Organizations that do not report on their carbon emissions and other sustainability metrics may find themselves increasingly out in the cold from a business perspective as the overall business environment shifts towards a more environmentally-friendly ethos.
2. Investor pressure
Modern business investors want to see some type of reporting from their companies on ESG and sustainability matters.
Not only does it ‘look good’ to a wider audience, reporting across a variety of ESG measures also has a substantial benefit to it in terms of risk analysis and mitigation.
Corporate risks identifiable through the ESG lens provide a broader view than a pure focus on financial disclosures, giving investors a wider perspective on the overall business situation and enabling more informed decision-making.
SMEs are thus also facing pressure from their own boards and investors to report on their ESG matters, in an attempt to get as complete a picture of their investments as possible.
Furthermore, financial institutions like banks and insurers are now factoring ESG disclosures into their lending and insurance criteria.
SMEs wanting to have unhindered access to capital and favorable insurance rates need to be able to satisfy financial institutions’ request for this type of information.
3. Customer pressure
The deluge of gloomy headlines regarding the climate crisis have raised the awareness level of the general public around matters of environmental sustainability, and the average consumer has accordingly become more discerning in terms of where they choose to spend their money.
While pragmatic reasons like price and availability still play a major role in customer buying behavior, more and more consumers are allowing visibility around environmental, social, and governance matters play an important role in their purchasing behavior.
SMEs are now feeling the pressure to increase the visibility and transparency of their efforts in these areas, for fear of falling afoul of negative customer sentiment and suffering a deteriorating brand reputation.
4. Competitive pressure
Competitive business pressures can be intense – and the sustainability reporting aspect is no different.
As we’ve covered above, businesses that make an effort to properly disclose and report on their ESG and sustainability metrics can benefit from:
- More inclusive business networks and receptive partners
- Improved situation analysis and business risk mitigation
- Better access to capital at more favorable rates
- An increased chance of being well-regarded by consumers
These are important advantages, and no business would want its competitors to enjoy these benefits on an ongoing basis with no challenge.
However, for those businesses that are delaying reporting on their ESG and sustainability concerns, that is exactly what is happening.
Rivals are getting a march on them and enjoying the added benefits which come with having an implemented ESG management and reporting strategy.

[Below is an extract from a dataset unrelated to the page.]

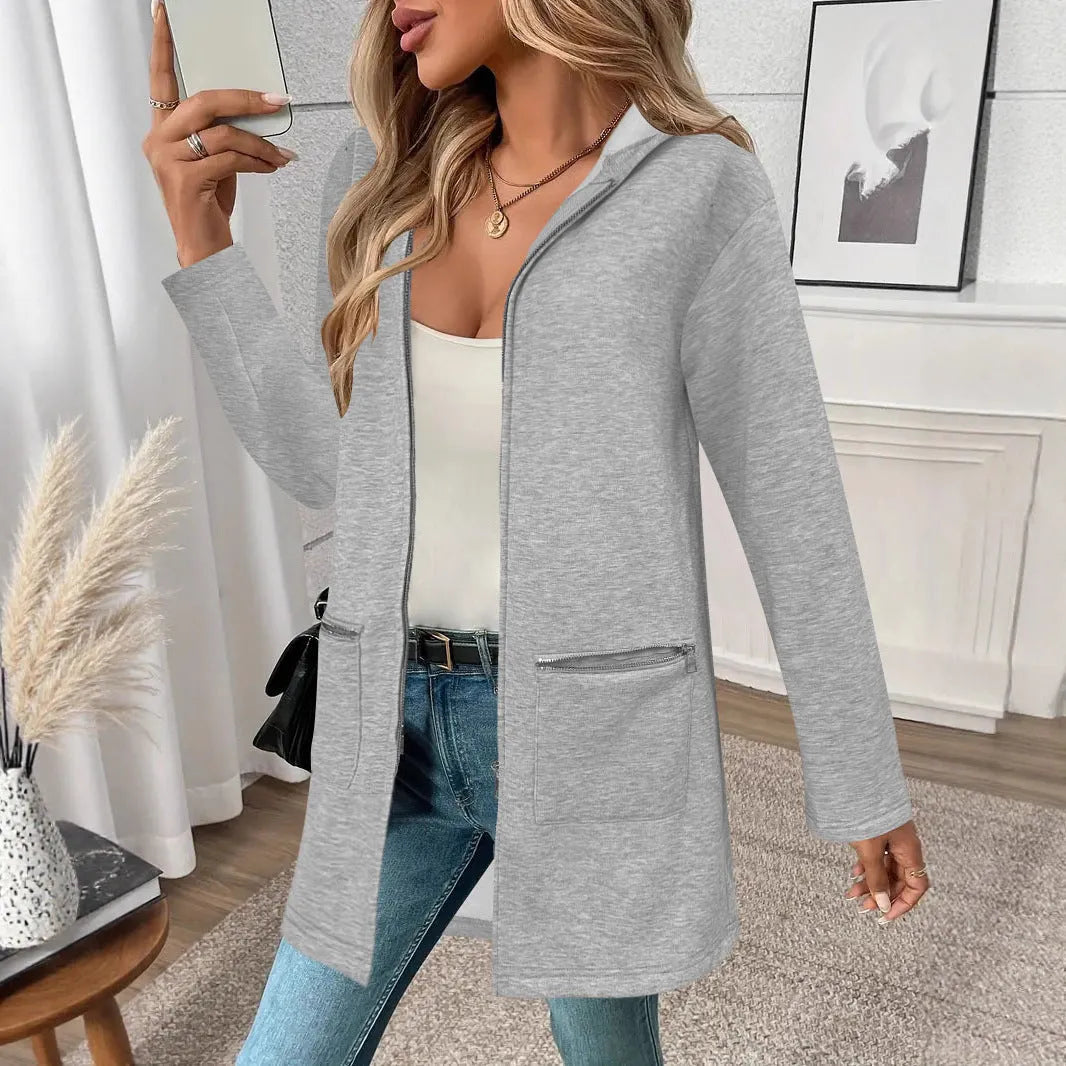 A woman wearing a loose grey mid-length cardigan coat with pockets, casual style.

Taking action to improve ESG and sustainability reporting
So why are companies doing ESG and sustainability reporting even when they don’t have to?
In a word, pressure.
Pressure from their supply chain, business partners, investors, customers, and competitors.
And although pressure is often portrayed negatively, it can also act as a motivator towards taking action for the better.
A business that acts responsibly on the pressures listed above is likely to improve in various important areas, such as developing enhanced processes and systems to ensure supply chain compliance, the adoption of ethical practices, and contributing positively to the community and the environment.
It also sets itself up for further long-term success by evaluating risks from a broader sustainability perspective rather than just focusing on financial performance, improving its relations with its business partners and customers, and helping to build and sustain the environmental conditions conducive to its continued business operations.
Companies are thus increasingly responding to these pressures in a positive manner and using them as a spur towards improving their ESG and sustainability management and reporting.
It’s why they’re doing ESG reporting – even when they don’t have to.